That's the first question you should ask when interviewing, yes interviewing a personal trainer. Below you will find a breakdown of additional questions.
The reason for this blog is to make you aware of who you've entrusted your health and well being to and what to look for in a personal trainer.
I take my certification seriously and am very passionate about what I do. I am not too happy when I hear about 'trainers' working with clients without a certification. Sadly, there are those out there. If this is the case, I hope the 'trainer' makes their clients aware of such.
Seminole Community College, who at the time, offered a classroom setting for my 6 week certification course. This course was all day, every Sunday, in the Sanford location. I had textbook in the morning and hands on in their gym in the afternoon.
In addition to the course, to receive my W.I.T.S. (World Instructor Training School) certification, it was required of me to intern for so many hours and become CPR/AED certified.
I did my internship through Florida Hospital's Fitness Center. Best experience ever; learned so much from the trainer at that site. The clientele there were mostly elderly men and women. I remember having to check their blood pressure, among other things, the minute they stepped through the door.
Now that you know a little more about my personal training certification, let's discuss other key areas to ask the trainer during your interview with them.
*Are they Certified?
*Who are they certified through? Trainers are to pass an exam through nationally accredited organizations.
*What other certifications do they have?
*Have they re-certified or has it expired?
*Are they CPR certified and is it current?
Not only should you ask if they are certified, you should ask to see their certificate or the wallet sized card, we all receive one. These will show you the date issued along with the expiration date.
Yes, certifications expire. Is their certification active or dead? Mine lasts two years. Before the two years are up, I re-certify through their extensive continuing education courses. They are not easy and they are very time consuming. However, they are very informative and helpful for my career and a must for staying certified. They range from Nutritional Concepts to Business Management.
CPR: Trainer's are not able to receive their certification if they are not CPR certified.
*How long have they been certified? Do you want to be, as we say, "their guinea pig?" Do you want someone who has been around and has perfected their programs?
I have been certified for 8 years. I've even gone further with my career by entering several body building competitions. A great way for me to learn more about my physique and nutrition in hopes of passing that along to my clients.
Ask your trainer about their past Experiences. Ask them about their current physical activities or their notable achievements.

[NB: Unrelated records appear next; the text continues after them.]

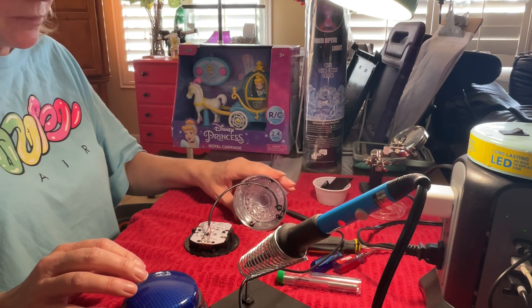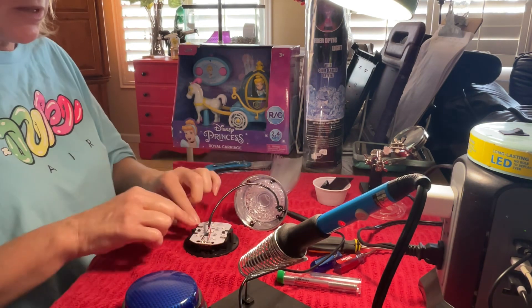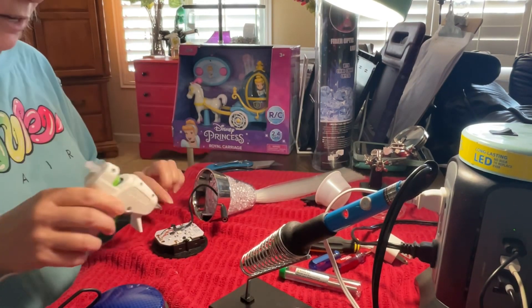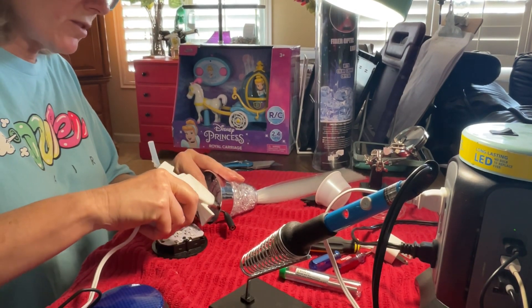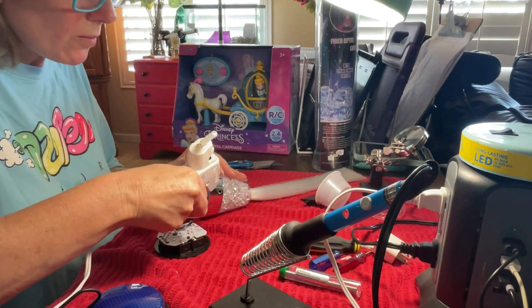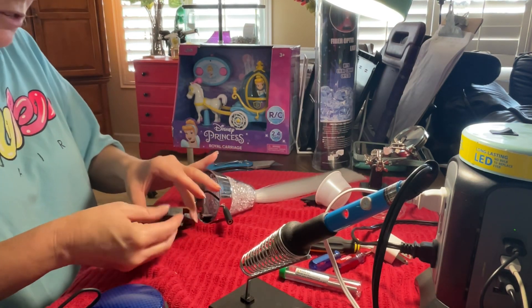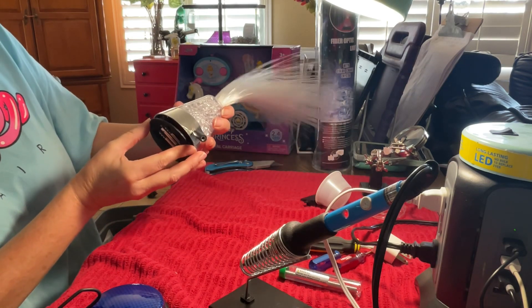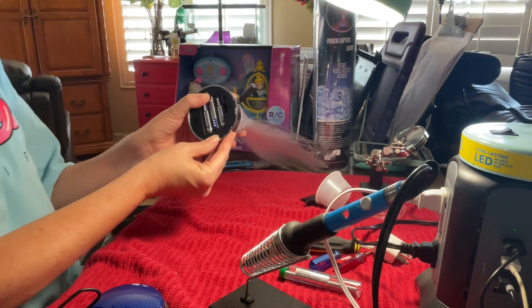Now we have to very carefully put it all back together, making sure that this wire doesn't interrupt the lights. I've got my hot glue and I hot glued it to make sure it didn't hit any of the areas where the lights are. I'm also going to hot glue it right here so it doesn't come out. Then as I put it together, make sure it's very gentle — it's nice and firm. I'm going to put this up here like this and match it up the best I can.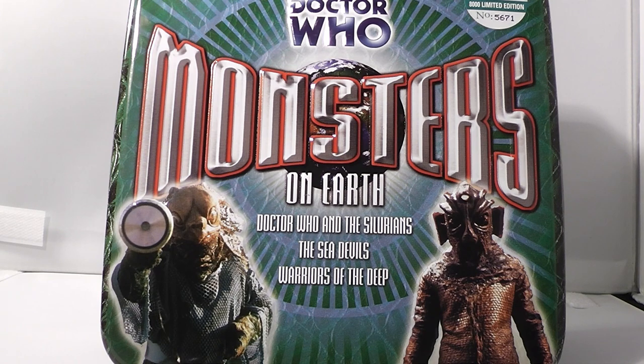A lot of you might be thinking this is a bit of a pointless box set, considering it contains Doctor Who and the Silurians, the Sea Devils, and Warriors of the Deep. So it's basically the audio box set version of Beneath the Surface, which is the DVD version of this box set, because the DVD version has the same stories. It's just different versions of ways you can experience these stories.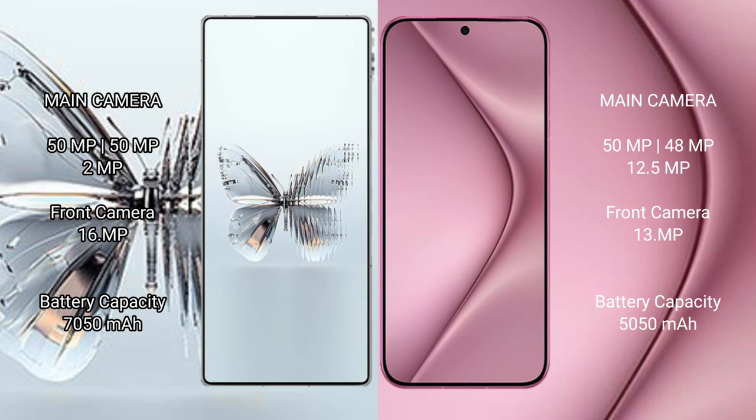The Red Magic 10 Pro Plus has a 7500mAh battery with 120W fast charging support. The Huawei Pura 70 Pro Plus has a 5050mAh battery with 100W fast charging.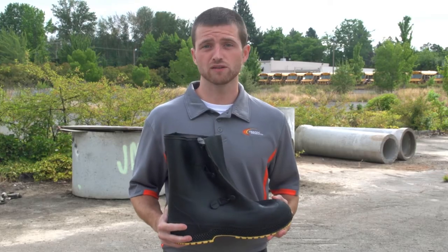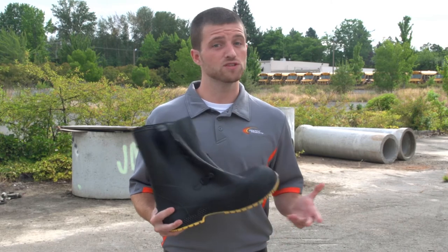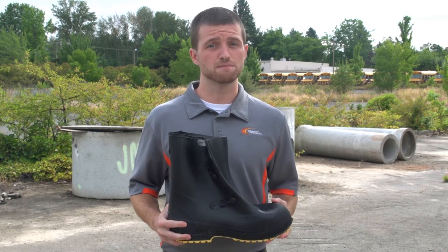These overboots are perfect for regularly scheduled maintenance, cleaning up spills in an emergency, or just providing an added layer of protection against mud or extreme weather.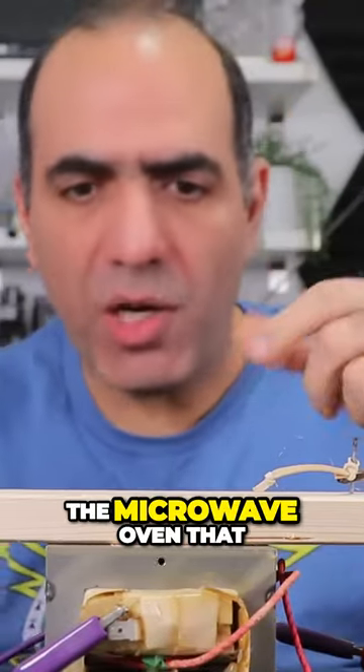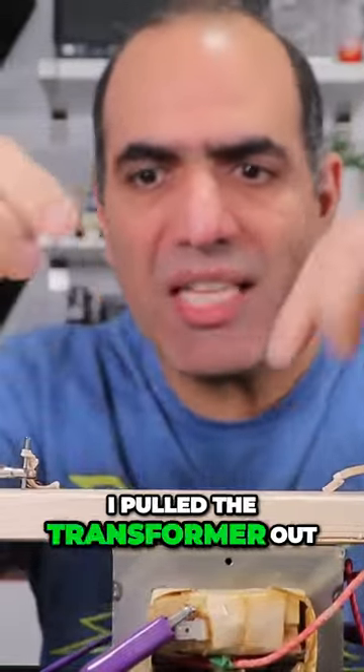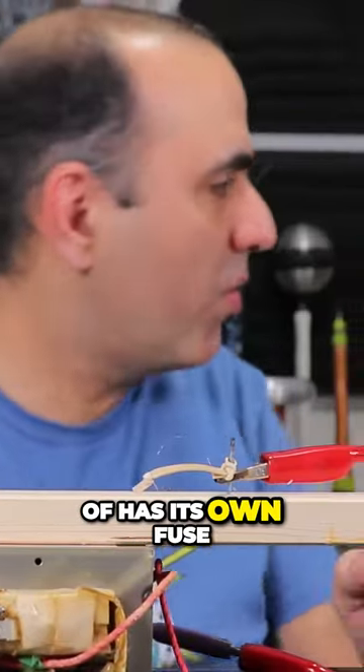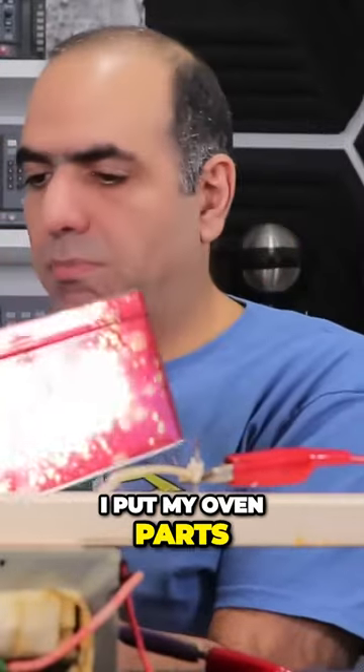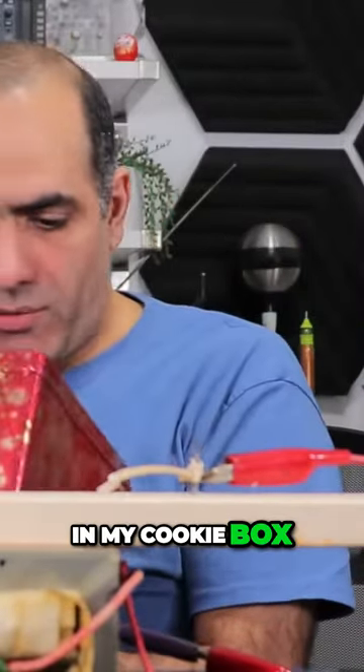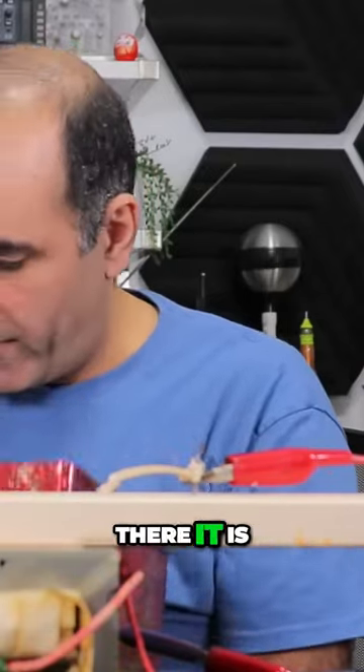In fact, the microwave oven that I pulled the transformer out of has its own fuse. I put my oven parts in my cookie box. Where is the fuse? Oh, there it is.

Has the trainer ever weight trained? Don't laugh, this one is important too as part of experience. Do an impromptu; ask them to show you a few chest exercises, back exercises, etc., Does the trainer you are interviewing know what an incline chest press is? Have them show you.
I would like to add here; modifications. Does your trainer know, right off the top of their head, a modification for an exercise you may not be able to perform due to an injury? Put your trainer through the test.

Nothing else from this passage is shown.